You might end up dabbling a little bit, and then figuring that out after you take some action. But I would say financially based on where you’re at, picking a strategy that’s gonna make the most sense in the short term.
JP Moses: I’m going to add to that. I think you should have 6 months to just learn, to soak in, to absorb everything you can about everything you can. If you feel overwhelmed, don’t stress. Just know this: this a lot! It’s overwhelming.
But go to every REIA meeting, go read books, whatever seems interesting and exciting. Absorb it, but don’t feel like you have to be in a rush to do anything with it. We said this last night, I do NOT recommend that people who are in a dire financial situation… who have to get a wholesale deal done because they’re in a financial emergency and if they don’t do it, the world’s gonna end.

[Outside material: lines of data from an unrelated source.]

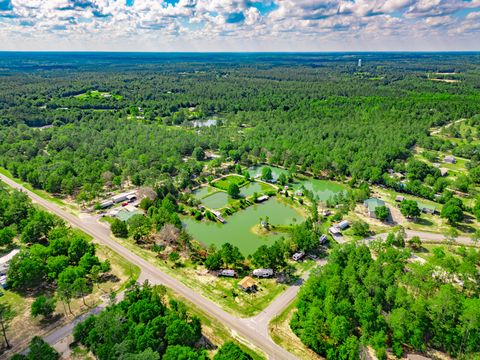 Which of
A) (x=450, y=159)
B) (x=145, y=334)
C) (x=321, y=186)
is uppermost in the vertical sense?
(x=145, y=334)

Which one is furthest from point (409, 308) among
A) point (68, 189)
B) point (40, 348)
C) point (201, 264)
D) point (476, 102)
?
point (476, 102)

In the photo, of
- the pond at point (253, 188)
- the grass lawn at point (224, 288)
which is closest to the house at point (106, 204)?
the grass lawn at point (224, 288)

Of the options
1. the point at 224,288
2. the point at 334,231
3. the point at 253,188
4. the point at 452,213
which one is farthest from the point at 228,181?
the point at 452,213

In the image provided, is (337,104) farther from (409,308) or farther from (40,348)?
(40,348)

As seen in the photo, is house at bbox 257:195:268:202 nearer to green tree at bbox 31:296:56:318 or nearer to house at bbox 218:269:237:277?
house at bbox 218:269:237:277

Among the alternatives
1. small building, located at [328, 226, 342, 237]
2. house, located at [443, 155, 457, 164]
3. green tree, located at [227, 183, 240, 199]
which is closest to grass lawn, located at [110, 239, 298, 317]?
small building, located at [328, 226, 342, 237]

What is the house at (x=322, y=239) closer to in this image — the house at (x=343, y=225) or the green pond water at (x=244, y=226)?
the house at (x=343, y=225)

And I’m not trying to minimize those people and the places that they’re in…. but that’s not how you get into real estate investing. You don’t make good decisions when you’re in a place of extreme need like that. So give yourself time. If you’re in financial triage, find another way.
Besides building a business to deal with that financial triage… build a business by giving yourself 6 months to think and learn and read and listen and don’t feel like you have to take action on anything.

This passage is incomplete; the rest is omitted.